Zulip Chat Archive

Stream: general

Topic: Binomial trees


Sebastian Zivota (Jun 18 2023 at 19:10):

A binomial tree of order n has a root element and n subtrees of orders n-1, …, 0. I'm struggling with how to model this type in Lean. To begin with, should the type be indexed by the order? The point of binomial trees is to make binomial heaps, which contain trees of arbitrary orders, so I was working under the assumption that it would be more convenient if the order were not part of the type. This leads me to want to express the list of subtrees as

def subTrees (α : Type) : Type :=
  { ts : List (Tree α) // subTreeProp Tree.order ts }

def subTreeProp (f : α -> Nat) (ts : List α) : Prop :=
   i, f (ts.get i) = ts.length - i - 1

(subTreeProp is indexed by a function to make it easier to play around with before actually defining binomial trees)
But this way even simple, concrete cases of subTreeProp aren't provable automatically (i.e. by simp or similar). I think the universal quantifier
over Fin (List.length ts) presents a difficulty here.

Should I formulate the property differently? Should I create a bespoke type for the list of subtrees of a tree instead of using a subtype?

Shreyas Srinivas (Jun 18 2023 at 19:48):

You'll find an isabelle version in chapter 16 of functional algorithms verified : https://functional-algorithms-verified.org/functional_data_structures_algorithms.pdf

Shreyas Srinivas (Jun 18 2023 at 19:51):

Subtypes in general have two annoyances:

  1. You can't pattern match on them.
  2. You have to redefine induction principles on them because proofs are not carried over or some such thing. For an example see PNat. To do proofs by induction, it might be useful to define your tree type inductively. At least that is what I find convenient.

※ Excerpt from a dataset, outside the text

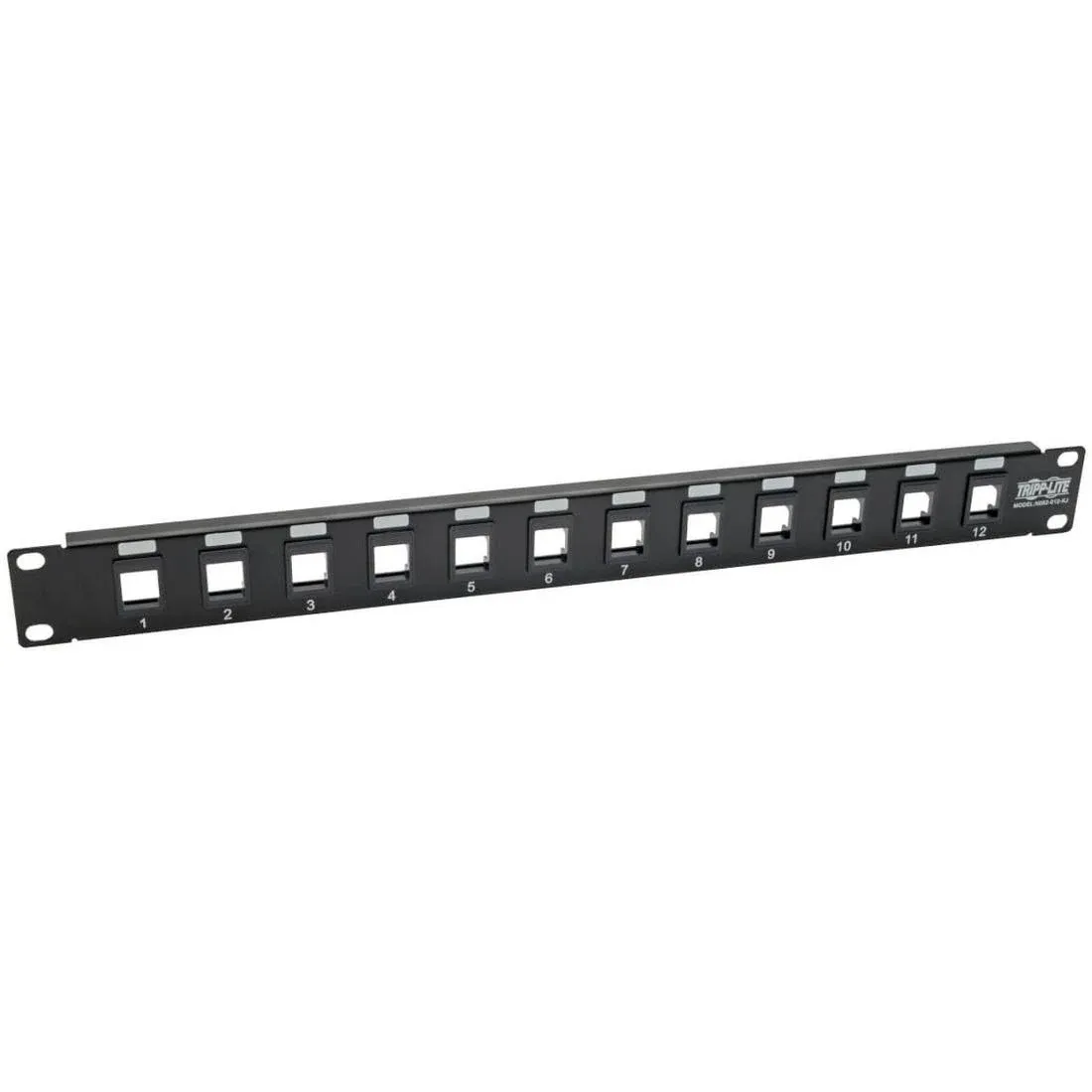 Tripp Lite 12-Port 1U Rack-Mount Unshielded Blank Keystone/Multimedia Patch Panel, RJ45 Ethernet, USB, HDMI, Cat5e/6 - Patch panel - black - 1U - 19&quot; - 12 ports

Jannis Limperg (Jun 19 2023 at 08:34):

Std has this for Lean 4: docs4#Std.BinomialHeapImp.HeapNode. There's probably also a Lean 3 version in mathlib.

Sebastian Zivota (Jun 19 2023 at 08:58):

Oh, it didn't even occur to me to check if it already existed. Thanks, that's very helpful!

Mario Carneiro (Jun 19 2023 at 17:15):

There's probably also a Lean 3 version in mathlib.